Ella hunde sus dedos en mis muslos empujándome contra su entrepierna y mi verga que se recuesta sobre la línea de la vagina, empapándome en la viscosa humedad de su excitación. Así me moví friccionando los sexos sin penetración y eso nos puso aún más, si es que algo podía ya ponernos más calientes. Separó sus piernas empinando las rodillas, y su vagina se abre presta a recibir el bombeo de mi verga. Llevo mis nalgas hacia atrás, con los dedos ayudo a ubicar mi glande entre los labios de su vagina, y de un movimiento me entierro hasta los huevos. Bendito pecado el de coger. Entrar, salir, rozar, friccionar, sudar, jadear.

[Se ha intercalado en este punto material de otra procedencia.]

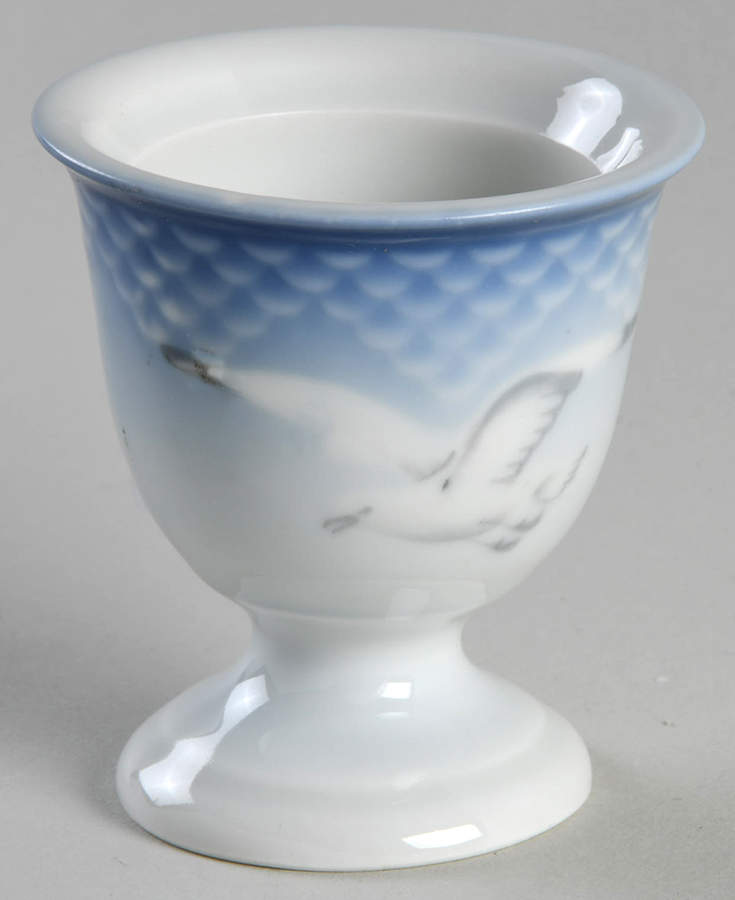Seagull Single Egg Cup No Gold Trim by Bing & Grondahl-1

Tomo sus piernas, las apoyo sobre mis hombros, y ahora, vagina y ano, se ofrecen como manjares imposibles de no probar – Rompéme toda, lindo, cojéme como quieras que soy toda tuya – jadea hundida en el éxtasis. Con toda mi existencia empujo hacia adelante y con el pene totalmente dentro bombeo de atrás hacia adelante, de izquierda a derecha. Ella pega la cabeza contra la almohada, cierra los ojos y arroja un grito de placer al mismo tiempo que desde su entrepierna baja el líquido caliente de la gloria – Cojéme por el culo, rompéme todo el culo, quiero que me la metás por atrás – jadea casi sin respiración. Con lo que me gusta un culo. La quito de su vagina, falo empapado, latiendo y brillando, y lo apoyo contra el ano. Nada de agregar lubricaciones, me calienta más meterla y que duela. Empujo con furia, con ganas, caliente como nunca y cuando todo el glande queda en el interior de ese culo, doy el empujón de gracia. Arriba, abajo, constante, fuerte y los escalofríos del final que comienzan a recorrerme el cuerpo y el alma.

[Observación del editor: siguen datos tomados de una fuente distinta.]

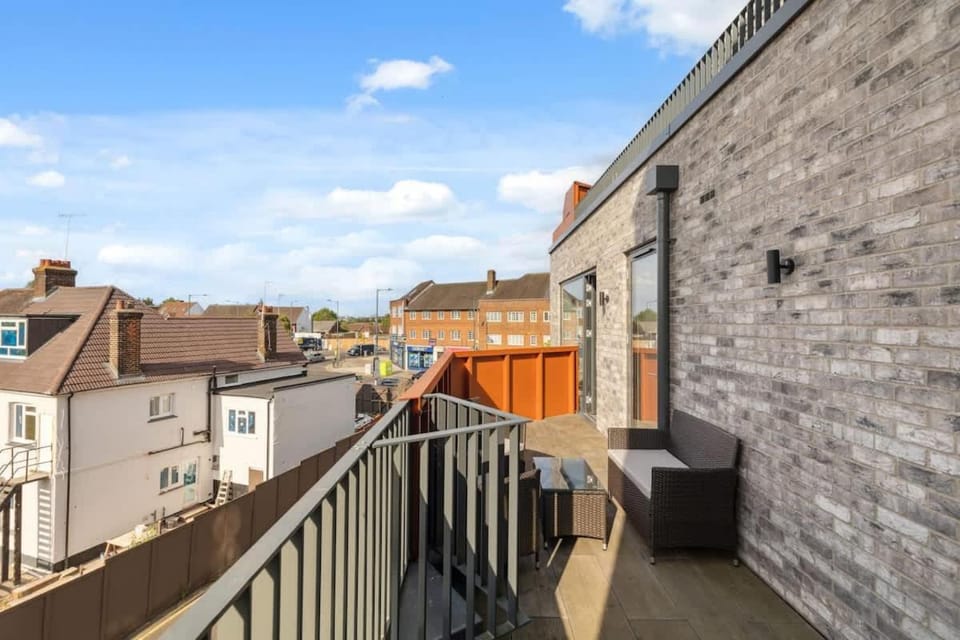 Luxury 3BR Apt Sleeps 10, Wembley & Park Views Apartment in Wembley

- Voy a acabar, ¿dónde la querés? – musito casi sin poder hablar.

- Acabáme adentro, del culo, de la concha, dónde quieras, pero adentro, que quiero sentir tu leche caliente derramándose en mí – exclamó casi a los gritos ¿Qué mejor pedido qué ése? Acabar dentro, sin sacarla, una delicia incomparable. Tomo más velocidad, mis huevos se aplastan contra sus nalgas y mis dedos se entierran en sus caderas hasta que acabo… acabo con tanta fuerza que siento como se resquebraja el alma en el grito del final.

Caigo sobre ella. Sudamos sexo, olemos sexo, todo es sexo. Ella sonríe. Guiña un ojo. Me palmea el culo. Le sobo las tetas. Y hablamos de todo. De esa noche, de las anteriores, de nuestras alegrías y tristezas. Fumando mi decimosegundo cigarro es cuando recuerdo los claveles que nunca compré y las rosas rojas que negó recibir de mí, del perro cagando en mi cama, de mi cama sin ella luego del divorcio, de mi hijo, de la casa en los suburbios, del auto japonés. Pero las rosas rojas son las que lo ocupan todo. Las imagino marchitas dentro de un florero agrietado, sin agua, gris. Eso duele, pero duele aún más que no recuerde que mi amor entregó rosas rojas y no simples claveles.

Vuelvo la mirada a la mujer a mi lado. La vida debe continuar. Al fin de cuentas, de eso se trata vivir.